Biggest Mistakes Startups Make

Over the years, we’ve built, launched, and scaled several of our own startups, in addition to working with a lot of startup clients of ours at Calibrate. With all this experience, we’ve realized there are mistakes many startups make that either lead to a poor product, hinder growth, and/or lead them down a path of failure. 

Why talk about the negatives instead of the positive, you’re thinking? Well given the fact part of a startup’s success relies on fate, it is harder to explain what exactly makes a startup successful (aka how does a company become a “Facebook” or “Google”?). While the recipe for success may not be as easy to articulate, we can certainly steer startups in the right direction by avoiding pitfalls that can lead to a startup’s demise or a sub optimal user experience.  

  • Unwilling to Pivot – Dare we mention the big, bad “P Word”? Startups are volatile and things are constantly changing. Founders must be intuitive and adaptive. Intuitive enough to take a step back and identify where the company is headed (what is working and what isn’t) and adaptive enough to act by making the necessary adjustments to ensure the company stays on a positive trajectory. There are times where a company starts with one core competency and decides to pivot to a slightly different solution.
    • Lyft was supposed to be a glorified cross country hitch hiking tool!
    • PayPal was originally focused on building security for handheld devices.
    • A less extreme example is Groupon (originally the Point), which was geared towards users signing up for a good cause and the cause would only receive funding if enough people pledged to contribute. 
  • Team Makeup – VC’s will take an A management team with a C idea over an A idea with a C management team every time! The odds are stacked against startups. It is not easy and requires agility, discipline, perseverance, execution, and passion!!! The best way to accomplish this is have a team that gels and understands what being a co-founder means. Late nights, weekends, sacrifices, team work, and a “do whatever it takes” mentality. We’ve seen startups fail because the team could not handle the adversity, imploded, and/or underestimated what went into starting a company. Avoid inviting teammates that don’t understand the aforementioned. This will only cause a startup to lose focus and potentially lead to resentment, arguments, and even the company dissolving. 
  • Broad Scope – Even the largest and most well capitalized companies in the world have a finite amount resources; chief among them, time. Startups, in particular, have a limited amount of time before burning through their capital, at which point the journey is over unless they’ve created enough value to raise another round of capital. We’ve see many startups lose their focus and try to do too much all at one time. This stretches the team thin and usually results in nothing getting done. It’s far better for a startup to focus on building an MVP or minimum viable product (even if it’s pertaining to features v. an entire product) and to do that well, than it is to build a subpar product.
  • Digesting Every bit of Feedback – With tech products, having regular users means receiving feedback. The good, the bad, and the ugly. Taking every piece of user feedback is virtually impossible. Early stage startups don’t have the resources to implement it all and large companies receive WAY too much feedback to ever have the chance to address it all. We always recommend our clients create a prioritization matrix (see screenshot below), which provides an objective way of prioritizing the product roadmap. Good customer service is important but taking every piece of feedback to heart and shifting priorities because of that feedback, will derail a startup and lead to missed deadlines for imperative new features that arguably add more value to most users v. a small group. 
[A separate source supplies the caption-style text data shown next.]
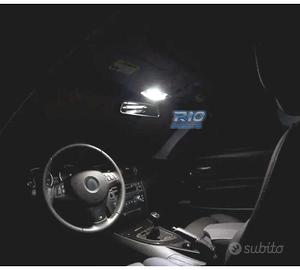KIT 19 LAMPADE LED INTERNE 2007-2013 BMW SERIE 1 E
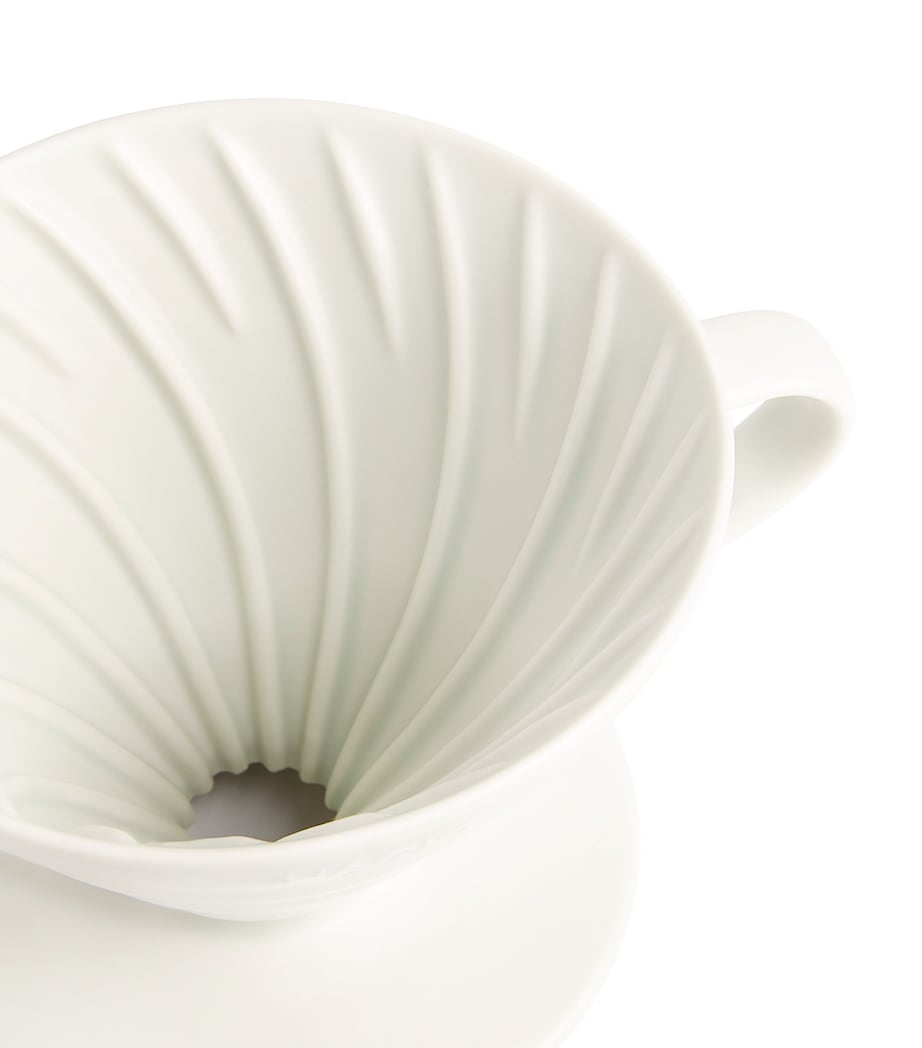V60 Ceramic Coffee Dripper NO COLOUR Image 3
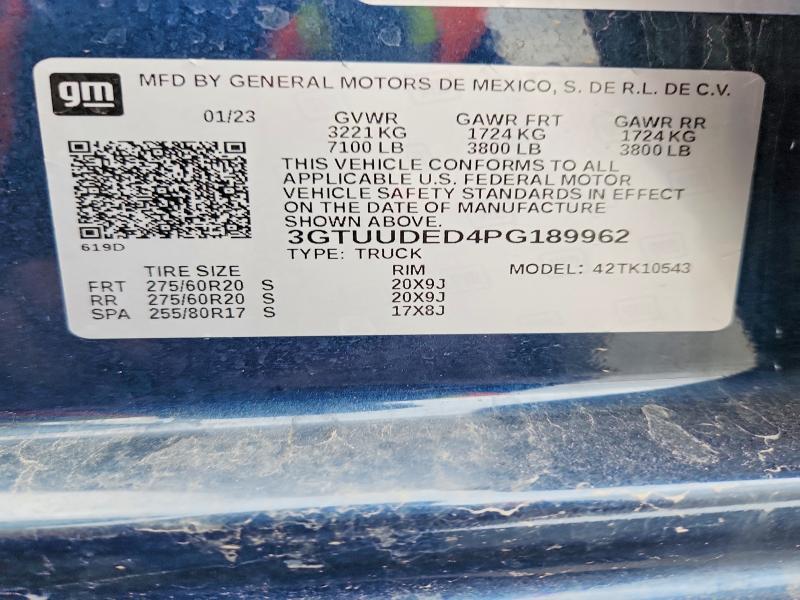 2023 GMC Sierra K1500 SLT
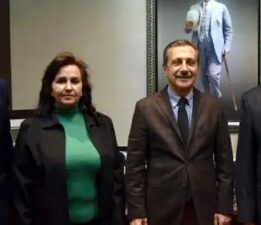 Başkan Tepebaşı ve Başkan Dinç kardeşlik yolunda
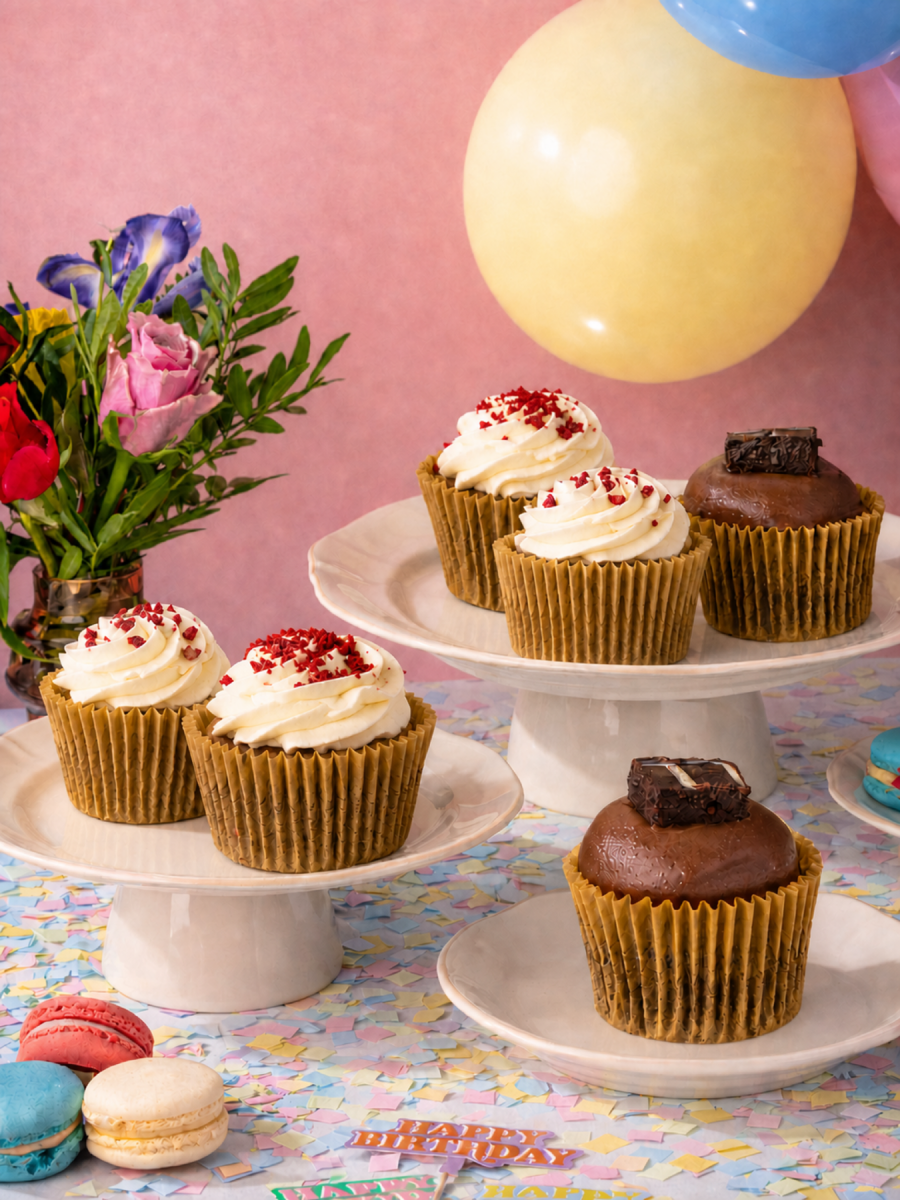 New Handcrafted Cupcakes - Patisserie Valerie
  • Panic Launch – A Panic Launch can be defined as rushing a product to production before testing properly (I.e. conducting a formal beta test). In the case of a product first launching, we always advise our co-founder clients to wait until the actual product is complete (INCLUDING QA; check out this article on outsourcing QA if unsure to outsource or bring in house) before scheduling any marketing or launch events. This ensures the product is not launched prematurely with careless bugs or UX issues and makes for a far less stressful first rollout.